About a month ago, we started giving Max a taste of solid food at his feedings. And then about two weeks ago, we started grinding up peas, sweet potatoes and the like, mixing them with water and giving them to him by bottle at one or two feedings per day. As I was feeding him some pureed peas today, I noticed that he would more or less hold the bottle while eating, or at least try to return the bottle to his mouth if it slipped out. Where just a month ago he would spurn our attempts to give him a taste of solids, and continued to at best be uninterested in (and, at worst, hostile to) the bottle, he seems to be learning to use it.

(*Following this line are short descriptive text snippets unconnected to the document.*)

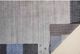 Feizy Legacy Blue/Gray 5' x 8' Rug-1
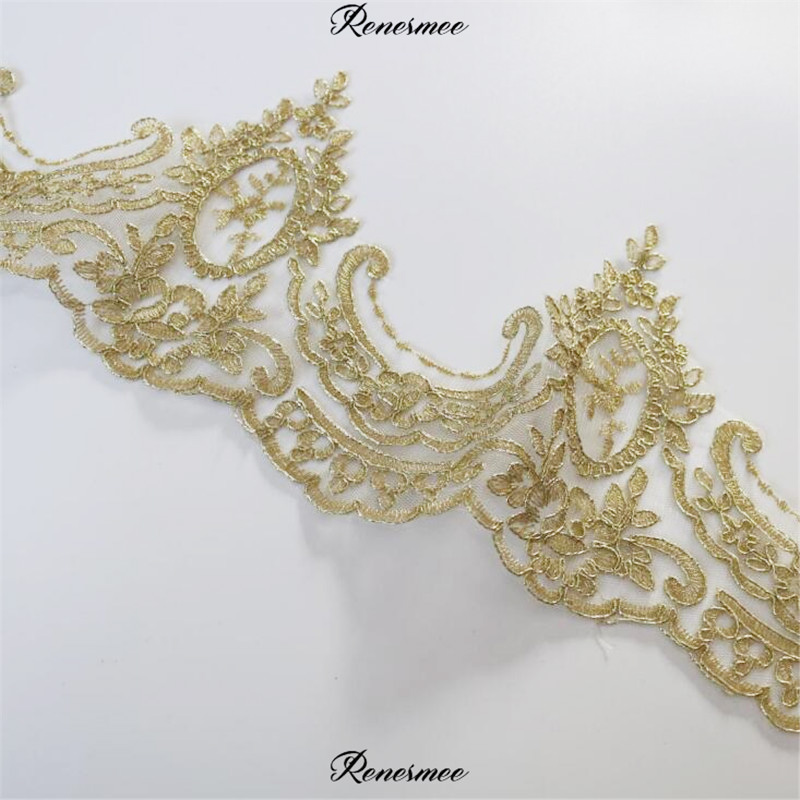 QQ截图20201114101002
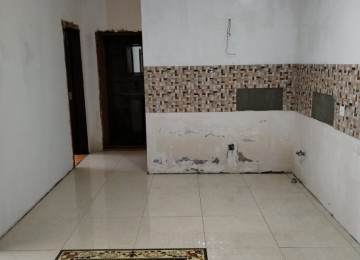 Xətai rayonu H.Aslanov mst yaxınlığında Nəsrəddin Tusi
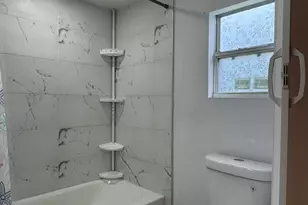 4760 Lake Ontario Dr, Cocoa, FL 32926 - Photo 5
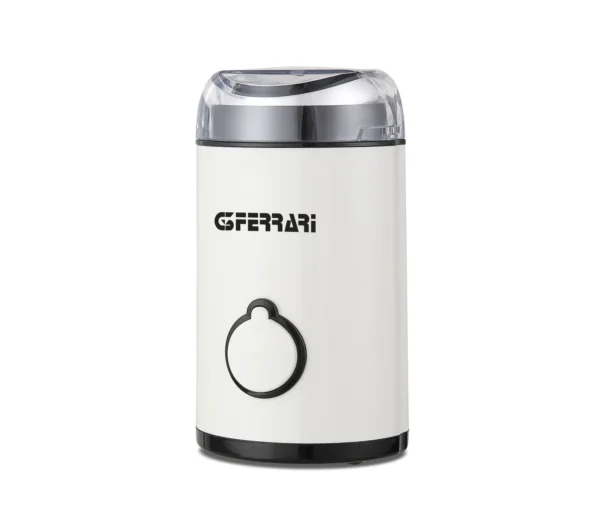 MACINACAFFE' GFERRARI G20128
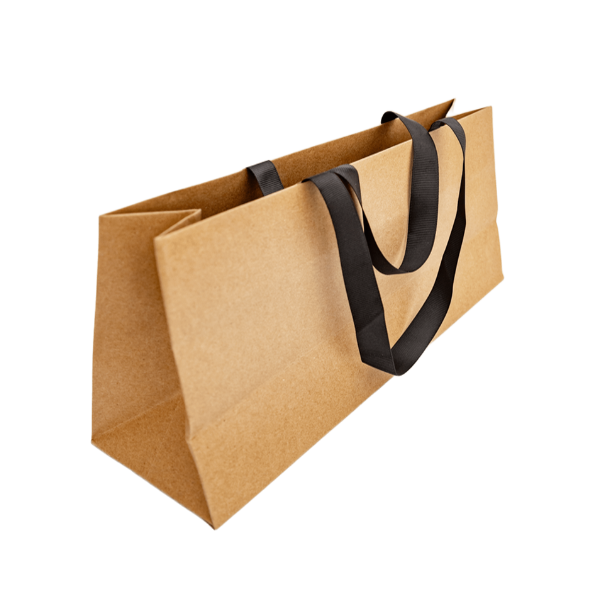 Kit Degustação Essencial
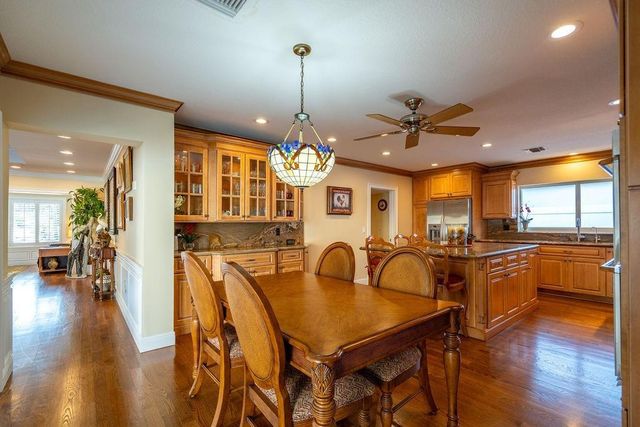 2317 NE 28th Court, Lighthouse Point, FL 33064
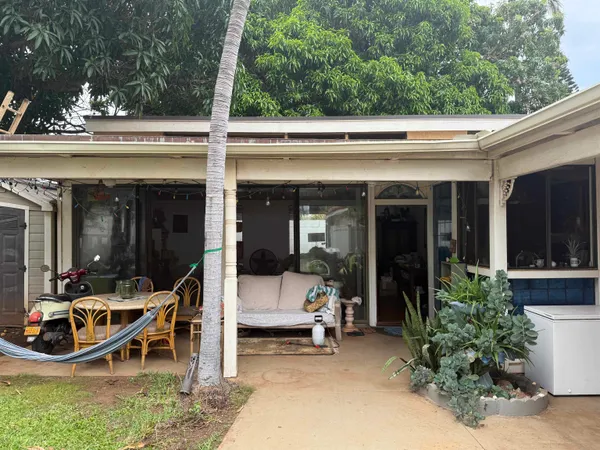 $1,495,000 | 52 Ohukai Road, Kihei, HI 96753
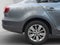 2018 Volkswagen Jetta 2.5 Comfortline Tiptronic At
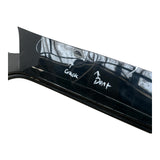 MG HS Hybrid front bumper 2022-2024 SUV Genuine P10947207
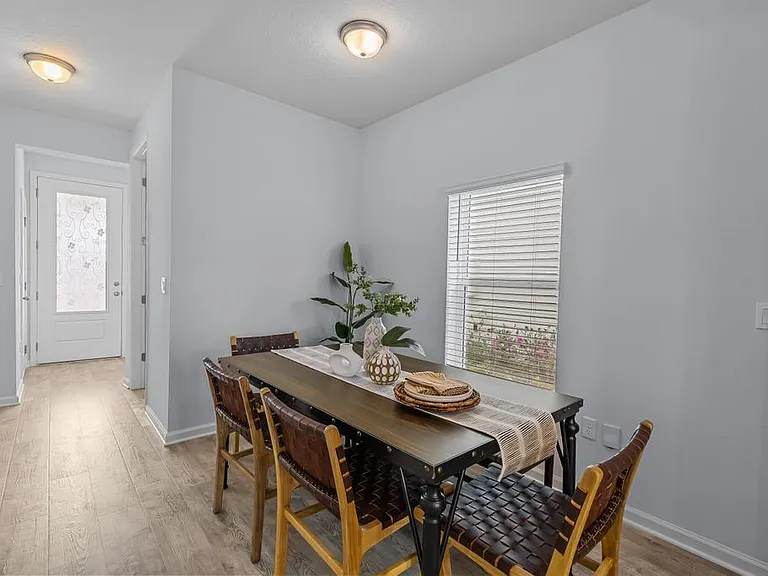 244 Patina Pl — Photo 39
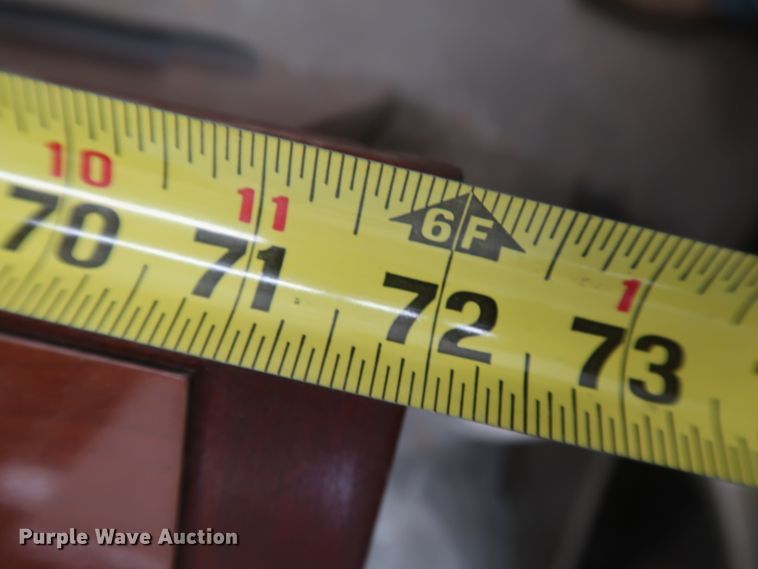 image for item IY9198 (9) pieces of furniture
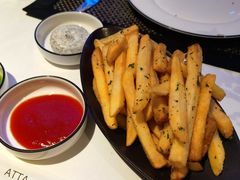 -atta bj(国贸商城店)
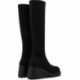 CAMPER BOOTS K400589 KAAH BLACK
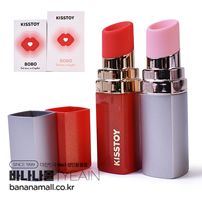 [3단흡입] 보보(BOBO) - 예잉(KST-073/6928202901946) (YY)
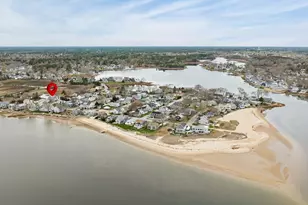 75 Pilgrim Ave, Wareham, MA 02571 - Photo 4
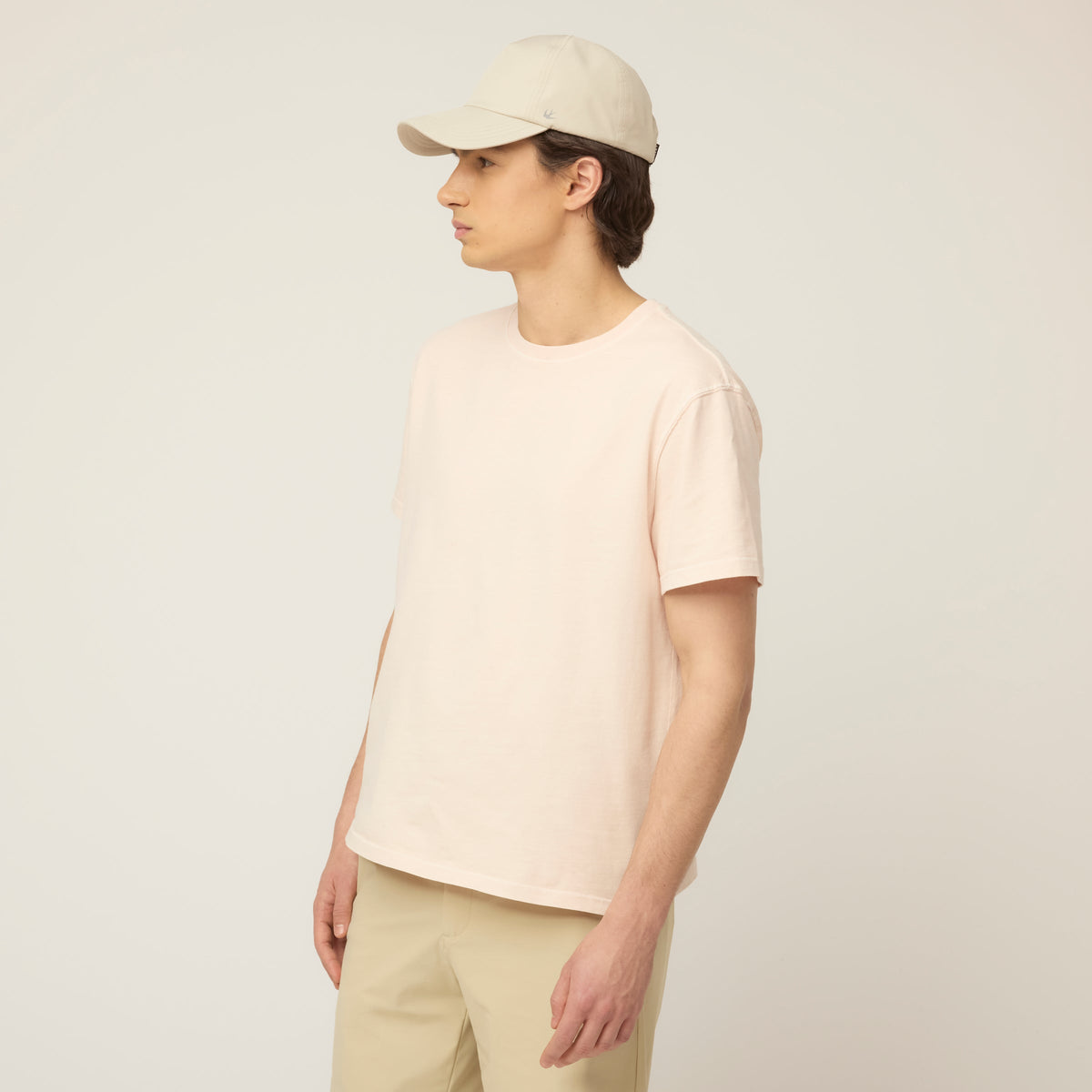 Tilley Mid｜weight Sun Washed T 恤｜戶外運動及日常生活 | 海外代購-戶外服飾-FIT MART 香港智能健康及運動生活用品專門店：筋膜槍、瑜伽輔助工具、智能健身設備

Slowly, gradually, in barely detectable incremental steps, he's moving to become just a very finicky recovering anorexic, a huge improvement from his earlier militantly anti-food stance.

Max holds his bottle

Max holds his bottle

Every night we pump 660 mls of fortified breast milk into him. He's never broken 200 mls by mouth in a day, so he's still getting the overwhelming majority of his calories through his pump.

But if you examine the attached graph, you can discern a very faint upward trend (trust me, I've run the regressions). The vertical lines are Fridays. During the week, his bottle feeding is managed by D., the baby whisperer. On the weekends, it's just him and us. Notice the pattern of huge drops on Saturday and Sunday. Carolyn and I are trying. And today he took 165 mls from Carolyn and me; we believe this to be a personal best.